Whether you’re a conservative investor or more of a risk-taker, there is an ETF for you. If you’re looking for exposure in a specific sector or asset class, there’s an ETF for that too.
But be forewarned: Not all ETFs are created equal. Some track a risky sector or an exotic asset class. Just as you would when investing in a stock or mutual fund, do your due diligence. That means reading the prospectus to make sure you understand what you’re investing in and all the fees associated with the ETF.
3. They Trade Like Stocks
One of the attractions of ETF investing is the ease of buying and selling funds. You can buy and sell ETFs online through mobile apps and via brokers any time between market hours. You get to purchase the ETF at the current price when you execute the trade.
4. There’s a Lower Barrier to Entry
There is no minimum purchase requirement with an ETF. Investors can purchase one share if that’s all they want. As a result, choosing a low-cost, commission-free ETF is a great way to dip your toe into investing.
5. They Provide Diversification
Diversification is the cornerstone of any sound investment portfolio. It can protect you when times are bad and reward you when times are good. Without proper diversification, you’ll have too much exposure to a specific industry or sector. If that industry or sector goes south, so do your returns.
ETFs give you diversification in several ways. You can purchase an ETF that tracks a basket of stocks trading on a particular index, such as the S&P 500. You can purchase different ETFs to give you exposure to different asset classes. There are bond ETFs, real estate ETFs and more. As a result, you can easily create a diversified portfolio covering different sectors and asset classes.
6. They’re Transparent
One criticism of mutual funds is that some tend to bury important information in the fine print, making it difficult for investors to understand all the aspects of the fund. ETFs are different. The investment firm that creates the ETF has to publish its holdings every day. Investors know what the fund is made up of at all times, removing any confusion.

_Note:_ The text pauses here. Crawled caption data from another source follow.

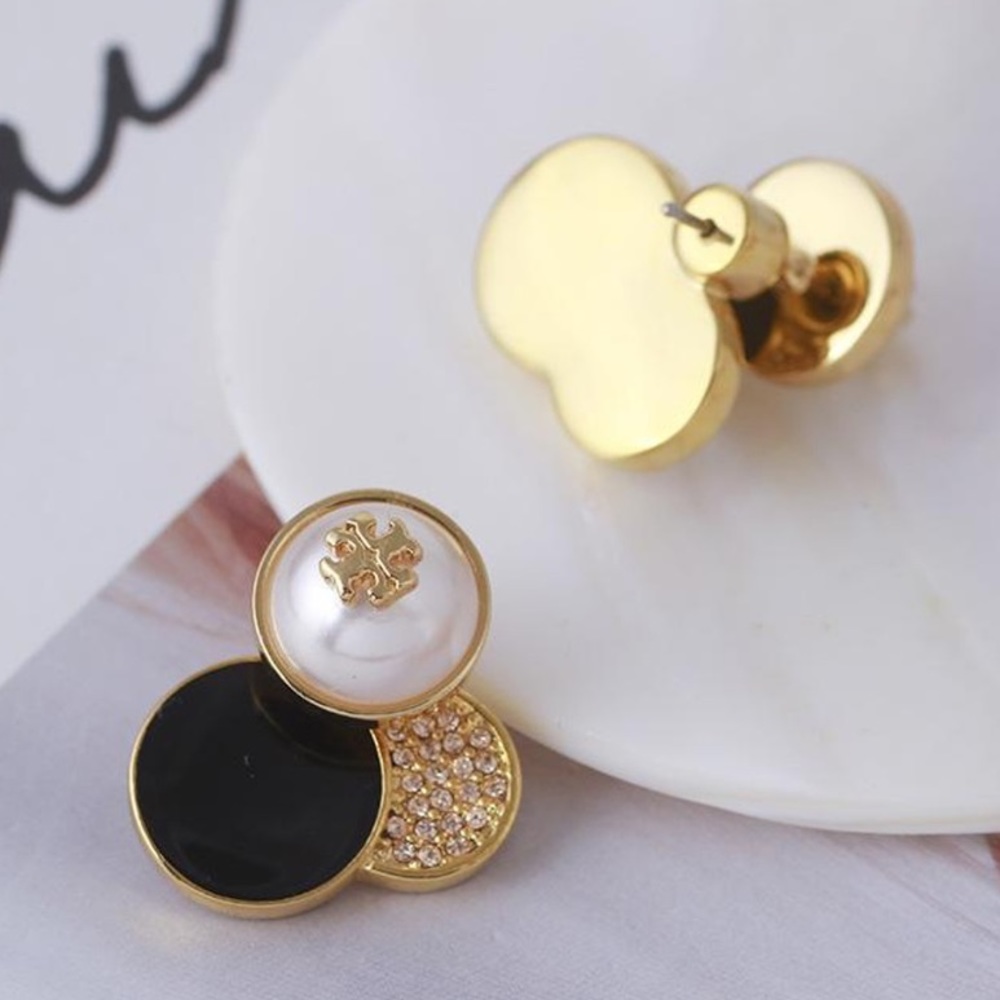 New Tory Burch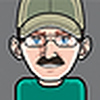 Profile Picture of Bob Parker (@ypbotbob) on Flickr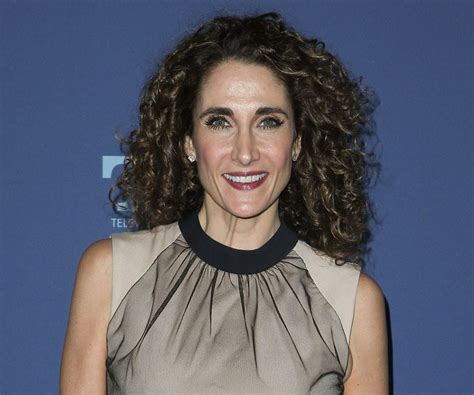 Melina Kanakaredes Biography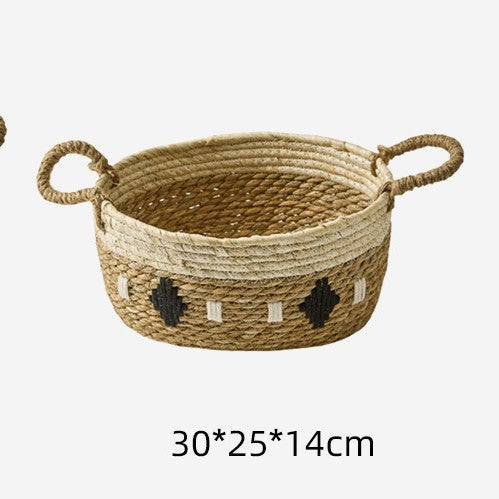 Storage basket Kalsten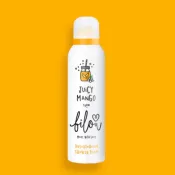 Пінка для душу Bilou Juicy Mango 200 мл 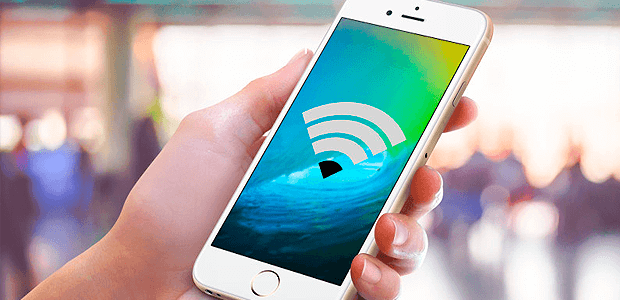 Також існують інші способи усунення несправності з Wi-Fi, які залежать від причини, по якій виникала проблема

7. There Are Fewer Taxable Events
With an actively managed mutual fund, the fund manager has to buy and sell stocks to maintain the proper asset allocation. If you realize a gain through selling a holding, it creates a taxable event. If the fund manager sells stock multiples times in a year, you could be on the hook for significant taxes.

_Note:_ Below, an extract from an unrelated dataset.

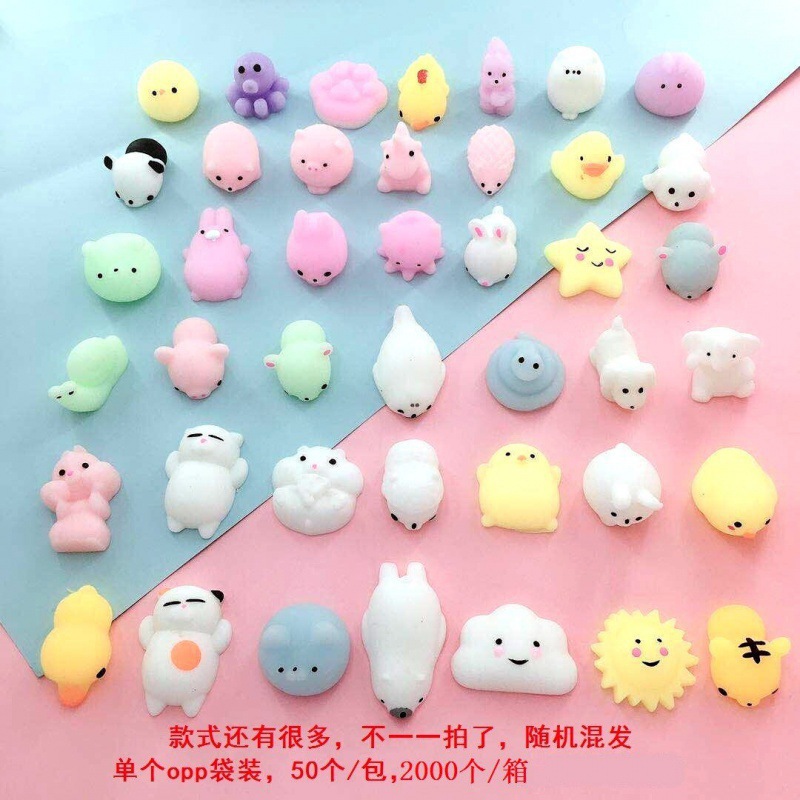 Carro de juguete de cabina pequeña aeronave para empujar pequeñas burbujas molino de viento regalo barato para niños pequeños juguetes lotes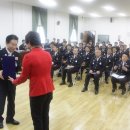 해운대소방서 이미지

ETFs are passive and, as a result, have much lower turnover. It’s not unheard of for an ETF to sell a stock once during 24 months. That means you won’t have to worry as much about capital gains taxes.
It’s a good time to be an investor. With so many low-cost investing options to choose from, it’s no surprise ETFs have $4 trillion in assets under management. As investors get savvier when it comes to fees, they only stand to benefit more.
According to Morningstar, across all U.S. funds, the asset-weighted expense ratio declined to 0.48% last year, compared with 0.51% in 2017 – saving investors $5.5 billion in fund fees. Investors are paying about half as much to invest in funds as they were in 2000. Ben Johnson, Morningstar’s director of ETF and passive strategies research, says that this is a result of awareness on the part of investors when it comes to how damaging investment costs can be to a portfolio.